Es posible enumerar otras características evidentes, en cuanto a los valores sostenidos
por el grupo, en el orden siguiente: la pérdida de protagonismo del trabajo como eje vertebral de la sociedad (este aparece como dimensión cada vez más flexible e inestable, hasta
convertirse en un referente poco estimado); un debilitamiento del lugar tradicionalmente
otorgado a la superación profesional y técnica, el estudio o la especialización; grandes motivaciones por las prácticas centradas en el ocio, el esparcimiento y las actividades festivas.
Las formas de socialización analizadas emergen a la par que la pérdida de confianza en
el discurso oficial.

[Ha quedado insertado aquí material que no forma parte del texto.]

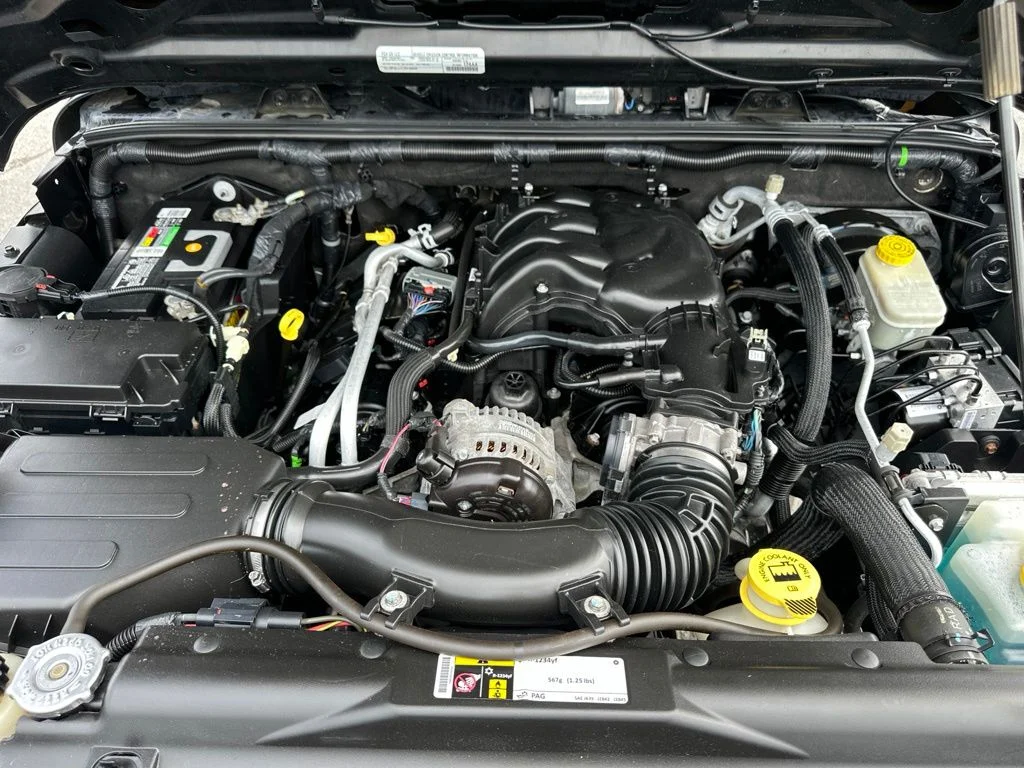 Used 2015 Black Jeep Sport image 8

Aparecen con las transformaciones acarreadas por una crisis económica
que ha impactado, entre otros, los ámbitos de la educación, la vivienda, la recreación y el
trabajo. En los relatos encontramos actitudes de contestación a las entidades del sistema (escuela, centro laboral, cuerpo policial, aparato judicial y político) que los alistados consideran han dejado de ofrecer protección o sentidos de vida. Los rasgos tribales constituyen un
vehículo para el distanciamiento de la esfera institucional mediante mecanismos –actitudes
irreverentes, parafernalia, proyección crítica hacia la sociedad– que reclaman “distinción”
ante la anomia entronizada en el tejido social circundante.
Este grupo informal surge como una propuesta organizativa que favorece la búsqueda
alternativa de espacios de pertenencia. Si los conglomerados tradicionales han dejado de
aportar compensación a las necesidades de estos sujetos, la satisfacción de sus demandas
(otras) de participación se convierte en motivación esencial. En medio de un contexto signado por la enunciada fragilidad, la agrupación tribal se presenta como instancia aglutinadora
que devuelve el protagonismo al joven y le ofrece a la vez un sentido de representatividad
o distinción. En torno a las dimensiones tribales (códigos, representaciones, atributos y
valores) se configuran los lazos rearticuladores que ofrecen cohesión, en detrimento de las
entidades institucionales rechazadas.
En los avatares que rigen los predios de la identificación juvenil se recurre, entonces, a la
matriz del rastafarismo. La mirada –en busca de alivio ante rechazos y exclusiones– se vuelve hacia una cultura foránea, donde las preferencias por un repertorio importado tienden a
compensar la baja autoestima. Marca identitaria que permite impugnar al sistema establecido desde una protesta simbólica y una enunciación crítica, al mismo tiempo que se erige en
un reclamo de seguridad, fortaleza espiritual, sentido de vida y significados.